Lambsdorff: Nein, noch müssen wir abwarten. Der Deal ist ein Erfolg, aber kein Durchbruch. Boris Johnson muss jetzt eine Mehrheit im Unterhaus organisieren, erst dann ist der Weg frei für einen geordneten Austritt. Nur hat er bisher die Vorschläge der Regierung seiner Vorgängerin Theresa May immer torpediert und muss jetzt die Geister, die er selbst rief, wieder einfangen. Ob ihm das gelingt, ist unsicher.
Lambsdorff: Mit dem Deal kann Großbritannien eine eigene Handelspolitik verfolgen und trotzdem bleibt Nordirland in einem Zollgebiet mit der EU. Damit ist Europa den Briten stark entgegengekommen. Manche behaupten ja, dass die EU nicht genug auf Großbritannien zugegangen sei. Das war schon immer Unsinn, ist jetzt aber hoffentlich endgültig vom Tisch. Entscheidend für die EU und Irland ist, dass es keine harte Grenze auf der irischen Insel geben wird. Es ist ein echter Kompromiss.
Lambsdorff: Das können wir alle nicht wissen, ich glaube, Boris Johnson weiß es selbst nicht. Er hat mit seiner eigenen Regierung ja keine Mehrheit im Unterhaus. 21 Tory-Abgeordnete sind aus der Partei ausgeschieden oder rausgeworfen werden. Dass die nordirische DUP Widerstand ankündigt, war zu erwarten. Am Ende wird es auch auf das Verhalten der anderen Parteien, gerade der Labour-Abgeordneten, ankommen.
Lambsdorff: Das erscheint mir leider wenig realistisch. Wenn das Unterhaus Johnsons Deal allerdings ablehnt, werden die Karten neu gemischt.
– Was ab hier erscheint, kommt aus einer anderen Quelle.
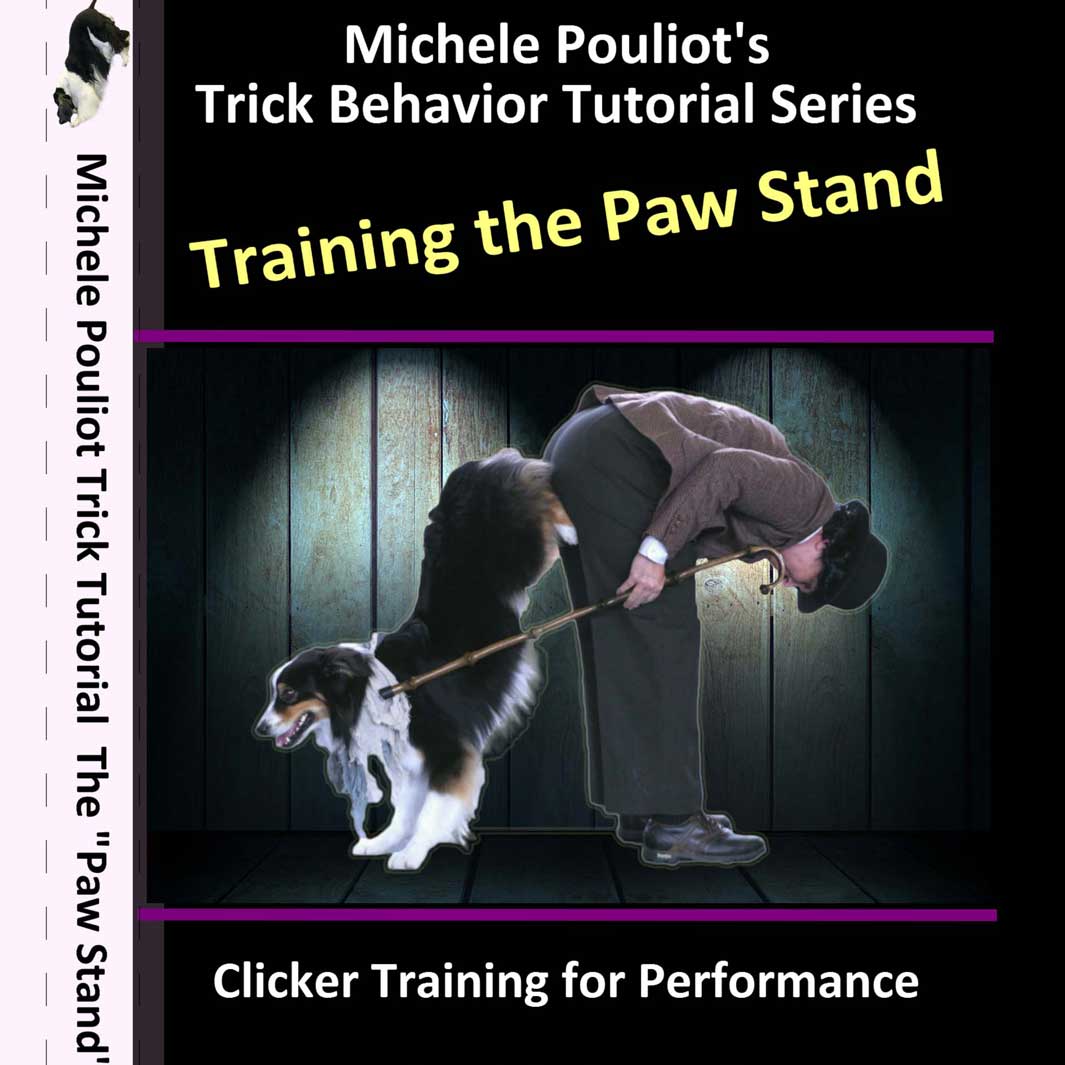 Training the Paw Stand by Michele Pouliot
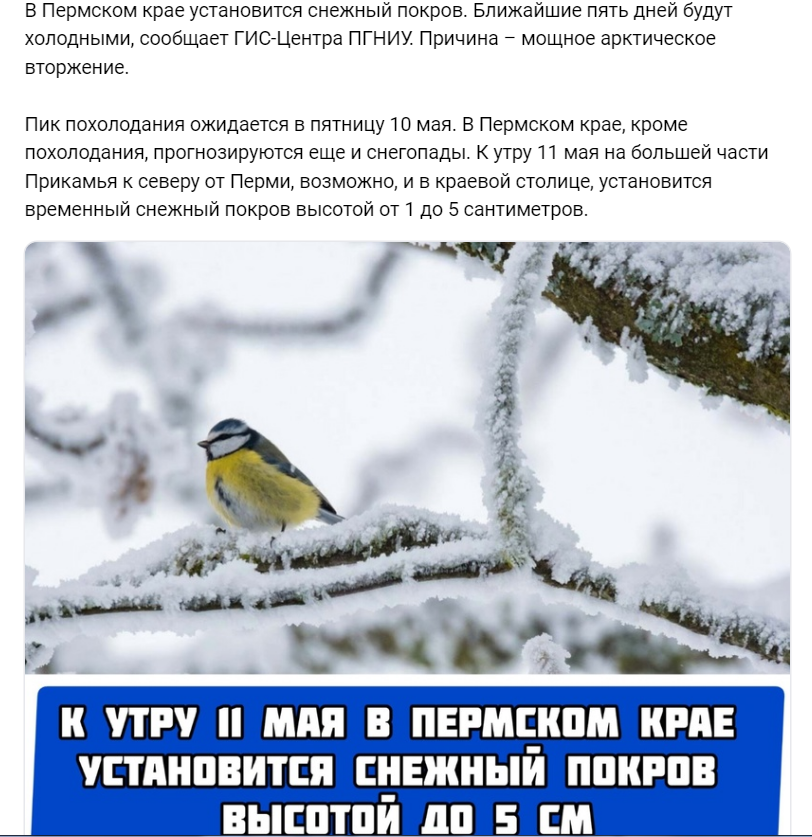 Снежный покров в мае... Вы серьезезно? 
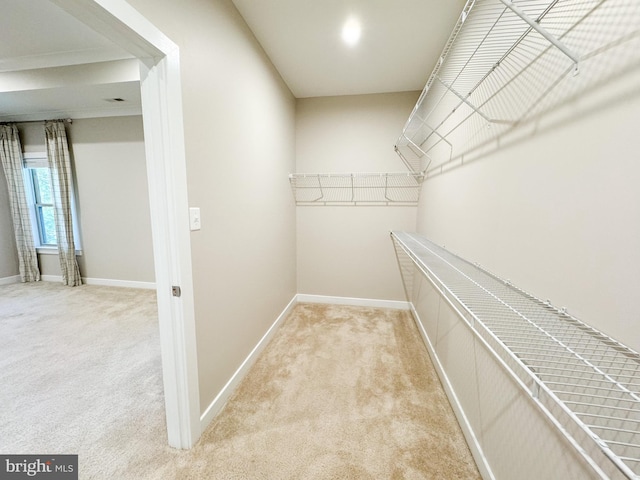 walk in closet featuring light carpet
Dann müsste er eine Verlängerung des Austrittsdatums beantragen und einen klaren Fahrplan für den geregelten Brexit entwerfen. Wahrscheinlich würde es auch Neuwahlen geben. Dann würde auch wieder über ein zweites Referendum geredet, aber wie das ausgeht, weiß heute niemand, weil die Labour Party intern so tief gespalten ist.